- _Instructions to follow_: Set down, character for character, everything in the records below from the line holding "Campionato Provinciale Speed" down to the line holding "Shipping company from Togo to Costa Rica", and no other line.

- _Recorded data_:
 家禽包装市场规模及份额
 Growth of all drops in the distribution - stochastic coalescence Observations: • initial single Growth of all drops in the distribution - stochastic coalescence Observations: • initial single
==
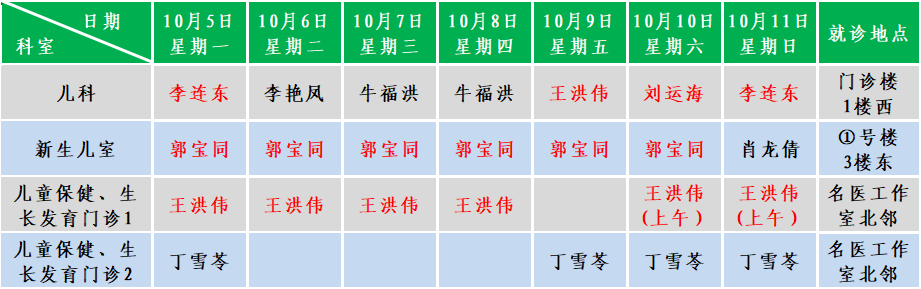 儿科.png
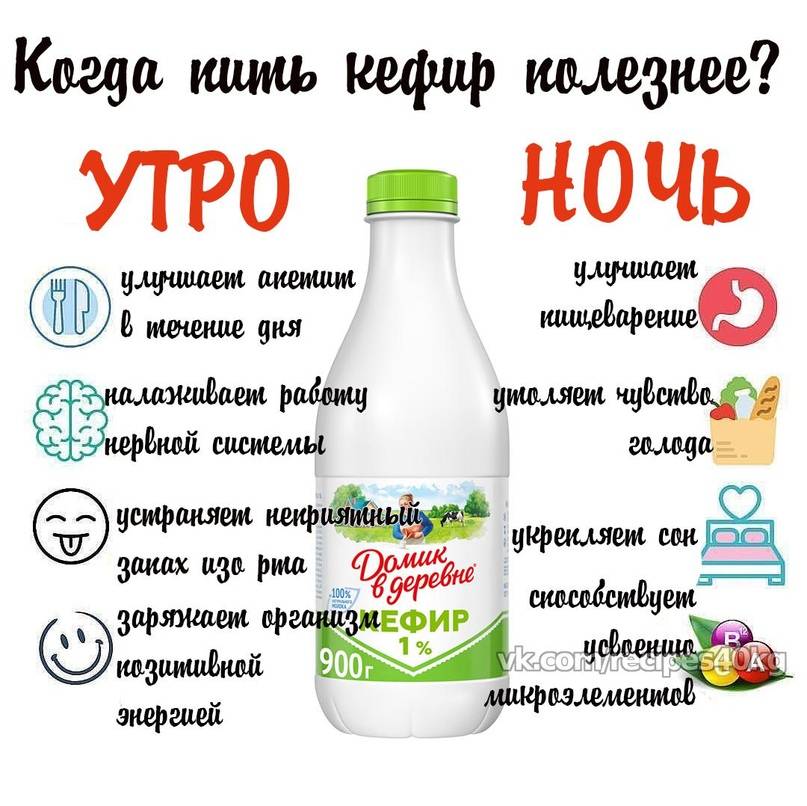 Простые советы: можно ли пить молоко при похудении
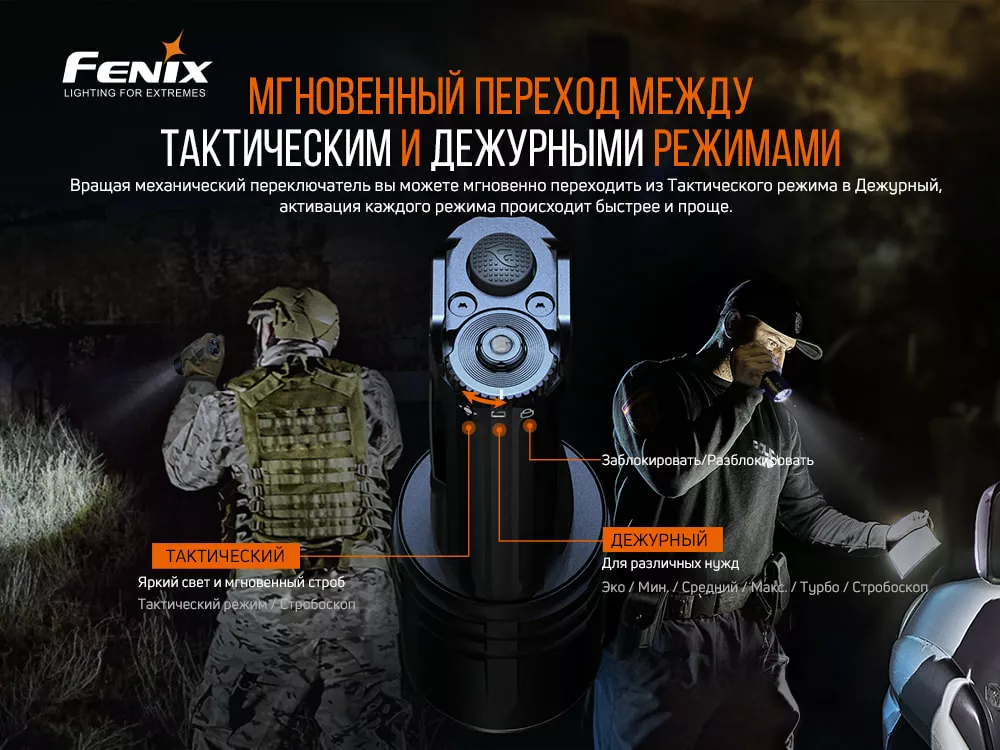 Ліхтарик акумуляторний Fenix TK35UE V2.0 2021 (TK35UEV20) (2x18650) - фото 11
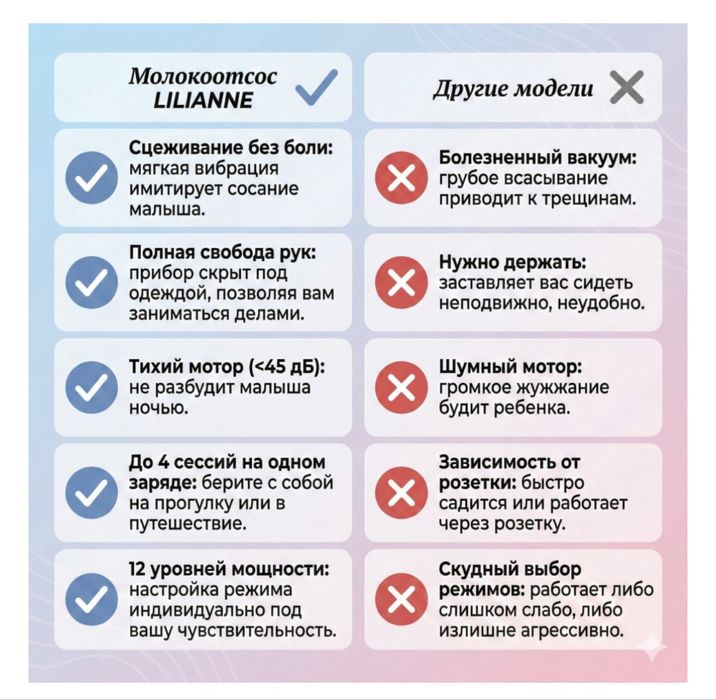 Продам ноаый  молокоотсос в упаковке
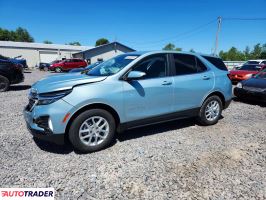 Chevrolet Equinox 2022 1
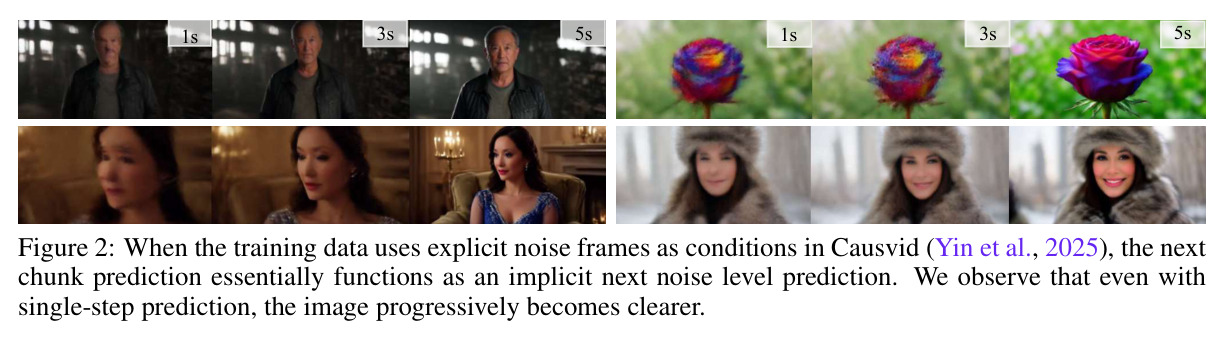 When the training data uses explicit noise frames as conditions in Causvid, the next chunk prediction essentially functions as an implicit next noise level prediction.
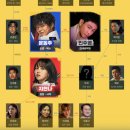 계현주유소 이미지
...
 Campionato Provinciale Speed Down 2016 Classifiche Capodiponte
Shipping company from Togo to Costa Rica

- _Response to the task_:
 Campionato Provinciale Speed Down 2016 Classifiche Capodiponte
Shipping company from Togo to Costa Rica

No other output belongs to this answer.